Later Wednesday, another bombing at the elections office of politician Fazlur Rehman’s Jamiat Ulema Islam party in Qilla Saifullah town of Baluchistan killed at least 10 people, Acahkzai and local authorities said.

No one immediately claimed responsibility for the attacks, which came a day before Pakistan holds parliamentary elections. Caretaker Interior Minister Gohar Ejaz denounced the bombings.

The bombing came despite the deployment of tens of thousands of police and paramilitary forces across Pakistan to ensure peace following a recent surge in militant attacks in the country, especially in Baluchistan.

The outlawed Baluchistan Liberation Army has been behind multiple attacks on security forces in Baluchistan bordering Afghanistan and Iran.
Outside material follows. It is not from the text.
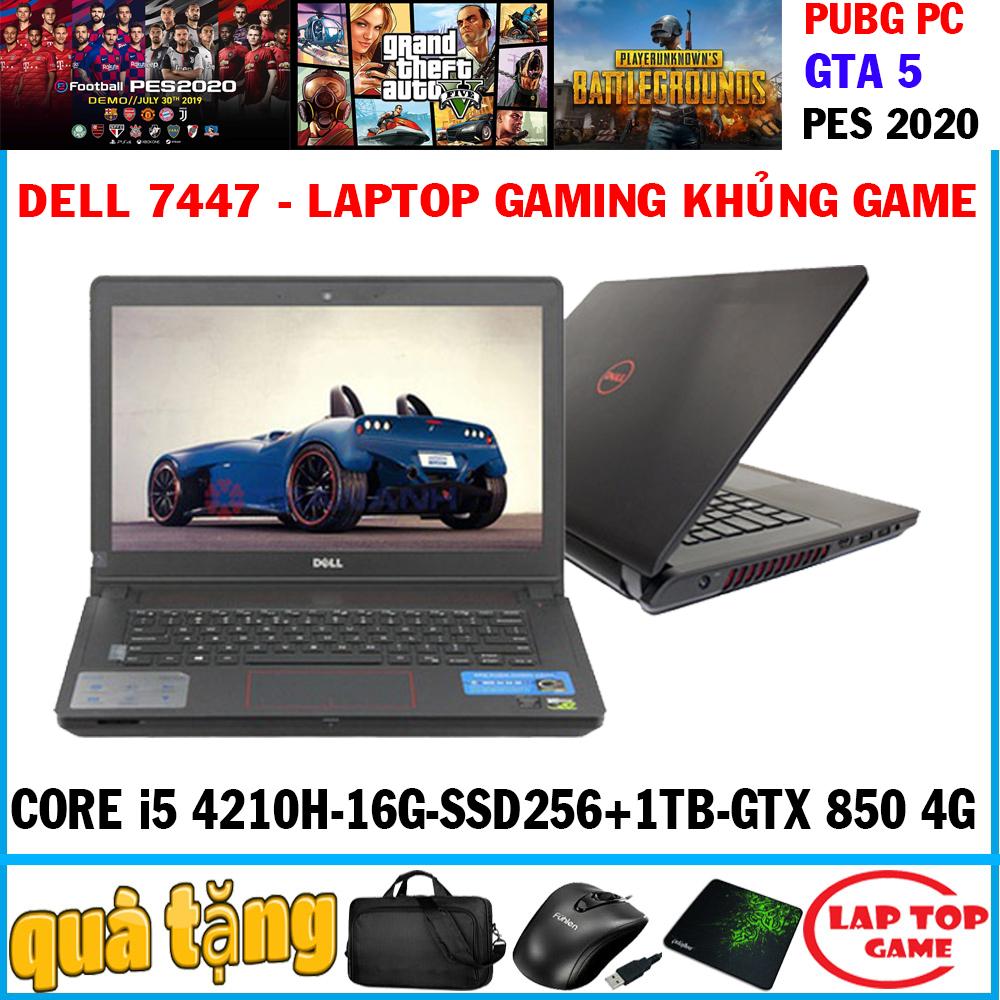 [Trả góp 0%]Dell 7447 - siêu khủng game Core i5 4200H ram 16g ssd 256G+ hdd 1TB VGA GTX 850 4G laptop chơi game đồ họa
On Jan. 30, a separatist Baluchistan Liberation Army group attacked security facilities in Baluchistan’s Mach district, killing six people.

In recent years, Pakistan has struggled to rein in surging militancy, especially in the former stronghold of Pakistan Taliban. Militants have a presence in Baluchistan, and have targeted civilians in recent years.

The gas-rich Baluchistan province at the border of Afghanistan and Iran has been the scene of a low-level insurgency by Baluch nationalists for more than two decades. Baluch nationalists initially wanted a share of the provincial resources, but later they initiated an insurgency for independence.

Pakistani Taliban and other militant groups also have a strong presence in the province.